A Black Lives Matter protest brought hundreds to the Mall of America on Wednesday, December 23, though the protest site quickly shifted. Demonstrators specifically called for the release of video footage depicting the shooting death of Jamar Clark, an unarmed 24-year-old black man who was killed during an arrest by the Minneapolis Police Department last month.
The protest crowd was met with strong resistance at Mall of America, but BLM organizers led crowds out of the Bloomington mall and onto light-rail transit (LRT) bound for Minneapolis. The group poured out of train cars and into the Minneapolis-St. Paul Airport, forming a line across multiple lanes of open road, shutting down access to Terminal 1. Protesters temporarily shut down the highway and delayed the takeoff time of multiple flights. They then returned to the shopping center, but were barred entry at multiple department stores and parking ramps.

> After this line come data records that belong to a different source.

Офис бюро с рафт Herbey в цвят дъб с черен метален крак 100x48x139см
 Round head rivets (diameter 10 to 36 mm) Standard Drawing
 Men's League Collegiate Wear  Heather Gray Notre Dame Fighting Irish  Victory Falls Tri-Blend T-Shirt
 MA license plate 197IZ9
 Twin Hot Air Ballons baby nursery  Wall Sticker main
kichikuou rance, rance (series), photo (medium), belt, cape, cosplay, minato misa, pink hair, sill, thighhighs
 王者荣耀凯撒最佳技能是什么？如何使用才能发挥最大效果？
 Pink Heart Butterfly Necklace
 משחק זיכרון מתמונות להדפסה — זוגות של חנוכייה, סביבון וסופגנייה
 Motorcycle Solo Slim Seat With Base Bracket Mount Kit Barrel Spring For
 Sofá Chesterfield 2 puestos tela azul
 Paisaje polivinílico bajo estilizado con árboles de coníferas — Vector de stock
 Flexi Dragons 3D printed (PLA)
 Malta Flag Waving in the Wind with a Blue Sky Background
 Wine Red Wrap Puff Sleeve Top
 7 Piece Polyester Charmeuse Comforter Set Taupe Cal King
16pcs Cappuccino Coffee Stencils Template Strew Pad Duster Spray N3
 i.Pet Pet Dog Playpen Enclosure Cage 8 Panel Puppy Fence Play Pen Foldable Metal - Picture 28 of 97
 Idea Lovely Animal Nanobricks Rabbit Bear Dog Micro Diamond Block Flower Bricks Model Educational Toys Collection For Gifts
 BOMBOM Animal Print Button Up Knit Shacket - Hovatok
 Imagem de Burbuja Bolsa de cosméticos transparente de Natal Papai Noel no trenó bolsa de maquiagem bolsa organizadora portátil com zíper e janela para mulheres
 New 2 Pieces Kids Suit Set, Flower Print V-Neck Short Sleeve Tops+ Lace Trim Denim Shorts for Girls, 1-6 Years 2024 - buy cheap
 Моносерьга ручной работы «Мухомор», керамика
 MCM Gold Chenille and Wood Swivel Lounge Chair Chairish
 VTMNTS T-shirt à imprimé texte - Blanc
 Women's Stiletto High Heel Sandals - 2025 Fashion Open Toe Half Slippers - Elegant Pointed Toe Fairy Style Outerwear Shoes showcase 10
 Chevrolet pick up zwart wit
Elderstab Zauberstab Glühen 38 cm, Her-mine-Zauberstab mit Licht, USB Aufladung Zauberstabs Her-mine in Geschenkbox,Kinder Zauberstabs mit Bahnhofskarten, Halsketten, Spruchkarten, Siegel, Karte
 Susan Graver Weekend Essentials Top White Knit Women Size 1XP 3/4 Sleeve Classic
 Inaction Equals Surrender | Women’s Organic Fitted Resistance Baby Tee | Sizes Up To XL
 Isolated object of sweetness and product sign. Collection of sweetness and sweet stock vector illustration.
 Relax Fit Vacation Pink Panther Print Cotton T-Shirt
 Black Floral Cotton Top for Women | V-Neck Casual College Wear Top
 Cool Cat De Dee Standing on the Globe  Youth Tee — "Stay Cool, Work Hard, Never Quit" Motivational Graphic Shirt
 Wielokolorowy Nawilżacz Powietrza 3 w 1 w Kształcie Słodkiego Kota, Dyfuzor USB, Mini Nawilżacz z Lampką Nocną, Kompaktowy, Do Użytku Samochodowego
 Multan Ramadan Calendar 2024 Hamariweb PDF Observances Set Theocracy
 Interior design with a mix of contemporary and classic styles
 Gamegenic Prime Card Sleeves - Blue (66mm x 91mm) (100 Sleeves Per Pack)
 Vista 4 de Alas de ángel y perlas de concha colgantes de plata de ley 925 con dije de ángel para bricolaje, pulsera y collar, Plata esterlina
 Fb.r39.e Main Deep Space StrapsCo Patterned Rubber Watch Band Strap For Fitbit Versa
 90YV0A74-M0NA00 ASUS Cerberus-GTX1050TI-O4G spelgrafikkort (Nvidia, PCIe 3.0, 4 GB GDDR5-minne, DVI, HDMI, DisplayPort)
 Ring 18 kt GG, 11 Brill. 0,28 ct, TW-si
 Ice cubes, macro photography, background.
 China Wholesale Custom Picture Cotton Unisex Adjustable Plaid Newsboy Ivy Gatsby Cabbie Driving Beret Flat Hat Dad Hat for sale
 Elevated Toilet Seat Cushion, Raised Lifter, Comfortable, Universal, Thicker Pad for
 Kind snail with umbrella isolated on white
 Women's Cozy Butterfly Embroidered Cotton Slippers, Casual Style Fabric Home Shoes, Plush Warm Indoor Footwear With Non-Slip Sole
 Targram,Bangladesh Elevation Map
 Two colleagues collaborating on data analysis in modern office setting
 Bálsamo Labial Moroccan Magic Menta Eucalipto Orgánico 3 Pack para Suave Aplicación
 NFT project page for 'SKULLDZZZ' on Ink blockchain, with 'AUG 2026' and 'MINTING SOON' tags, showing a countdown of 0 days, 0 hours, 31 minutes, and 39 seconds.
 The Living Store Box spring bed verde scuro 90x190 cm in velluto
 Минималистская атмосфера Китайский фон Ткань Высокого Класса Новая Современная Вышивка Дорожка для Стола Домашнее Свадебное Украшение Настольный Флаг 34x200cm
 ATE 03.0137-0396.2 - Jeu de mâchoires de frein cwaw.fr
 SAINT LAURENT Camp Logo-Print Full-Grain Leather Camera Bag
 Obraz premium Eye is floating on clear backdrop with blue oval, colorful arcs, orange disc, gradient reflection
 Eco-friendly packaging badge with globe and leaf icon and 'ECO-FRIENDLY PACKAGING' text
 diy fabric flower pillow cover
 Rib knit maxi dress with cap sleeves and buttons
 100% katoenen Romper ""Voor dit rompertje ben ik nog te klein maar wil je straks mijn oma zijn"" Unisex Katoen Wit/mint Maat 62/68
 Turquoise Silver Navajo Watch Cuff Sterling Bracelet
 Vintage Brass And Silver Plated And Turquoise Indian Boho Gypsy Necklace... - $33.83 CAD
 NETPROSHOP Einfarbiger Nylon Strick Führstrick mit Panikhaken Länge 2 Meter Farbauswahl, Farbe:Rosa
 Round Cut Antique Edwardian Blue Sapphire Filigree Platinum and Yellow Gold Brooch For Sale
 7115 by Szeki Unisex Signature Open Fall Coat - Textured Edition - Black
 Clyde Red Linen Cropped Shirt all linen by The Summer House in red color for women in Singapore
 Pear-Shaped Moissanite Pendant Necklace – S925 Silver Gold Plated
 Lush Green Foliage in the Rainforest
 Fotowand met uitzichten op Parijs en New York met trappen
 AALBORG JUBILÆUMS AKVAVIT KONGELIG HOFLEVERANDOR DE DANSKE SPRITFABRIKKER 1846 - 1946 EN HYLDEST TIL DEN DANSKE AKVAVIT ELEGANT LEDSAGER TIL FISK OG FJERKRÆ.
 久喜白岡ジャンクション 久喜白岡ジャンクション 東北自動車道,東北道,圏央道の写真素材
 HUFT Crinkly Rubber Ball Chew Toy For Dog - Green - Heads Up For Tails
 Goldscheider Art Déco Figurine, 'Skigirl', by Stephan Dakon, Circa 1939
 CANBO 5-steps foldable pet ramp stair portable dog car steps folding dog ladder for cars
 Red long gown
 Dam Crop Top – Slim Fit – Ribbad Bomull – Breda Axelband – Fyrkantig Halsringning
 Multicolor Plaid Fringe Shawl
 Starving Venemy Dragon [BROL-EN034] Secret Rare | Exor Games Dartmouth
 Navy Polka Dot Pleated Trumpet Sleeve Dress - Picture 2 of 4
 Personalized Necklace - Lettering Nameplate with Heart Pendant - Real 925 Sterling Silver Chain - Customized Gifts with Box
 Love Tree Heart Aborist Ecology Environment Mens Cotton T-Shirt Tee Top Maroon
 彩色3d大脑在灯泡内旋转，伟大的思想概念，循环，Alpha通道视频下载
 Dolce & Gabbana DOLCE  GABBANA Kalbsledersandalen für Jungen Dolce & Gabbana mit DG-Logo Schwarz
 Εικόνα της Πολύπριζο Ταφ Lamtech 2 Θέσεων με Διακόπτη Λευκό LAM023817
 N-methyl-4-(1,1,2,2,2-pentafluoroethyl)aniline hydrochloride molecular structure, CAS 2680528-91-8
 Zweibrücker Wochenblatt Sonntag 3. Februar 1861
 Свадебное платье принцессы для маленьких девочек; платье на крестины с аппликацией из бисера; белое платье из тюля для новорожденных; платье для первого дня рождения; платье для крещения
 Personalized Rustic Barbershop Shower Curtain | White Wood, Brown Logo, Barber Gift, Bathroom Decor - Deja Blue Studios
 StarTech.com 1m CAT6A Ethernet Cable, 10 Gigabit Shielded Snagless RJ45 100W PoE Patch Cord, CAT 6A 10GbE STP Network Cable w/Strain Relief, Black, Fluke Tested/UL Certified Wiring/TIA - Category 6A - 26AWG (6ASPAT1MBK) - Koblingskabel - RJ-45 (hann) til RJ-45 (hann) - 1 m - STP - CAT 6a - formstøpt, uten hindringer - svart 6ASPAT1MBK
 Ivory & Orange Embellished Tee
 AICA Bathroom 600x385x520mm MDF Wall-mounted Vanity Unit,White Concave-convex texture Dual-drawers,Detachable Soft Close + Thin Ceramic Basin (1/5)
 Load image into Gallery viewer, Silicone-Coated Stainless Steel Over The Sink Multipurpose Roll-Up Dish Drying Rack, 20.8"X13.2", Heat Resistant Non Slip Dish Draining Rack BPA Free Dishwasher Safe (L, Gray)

According to a statement from the Mall of America, 80 stores on the mall's east side were closed "for about an hour" before reopening.
"We respect the rights of free speech and peaceful assembly," reads the Mall's statement. "However, the courts have affirmed our right as private property owners to prohibit demonstrations on our property."
A total of 11 people were arrested related to Wednesday's demonstrations. Bloomington City Police arrested one person at the Mall of America for trespassing, and a second was arrested for trespassing and disorderly conduct. A third protester there was detained for having an outstanding warrant in Olmsted County. Later, six people were detained by Minneapolis-St. Paul Airport police for unlawful assembly and trespassing, and subsequently let go. Two others were arrested for obstruction of a lawful process with force, a gross misdemeanor, and transported to the Hennepin County jail.
Alexander Clark, the 25-year-old cousin of Jamar Clark, was among those detained by police soon after the protest moved from the Mall of America toward the LRT line.
"It's about people, not only just black people, but white people who are becoming victims of police brutality and killed by officers," Alexander Clark said, not long before he was caught by cops. "This is something that's got to have some type of awareness to it. People have to see that this shit actually exists."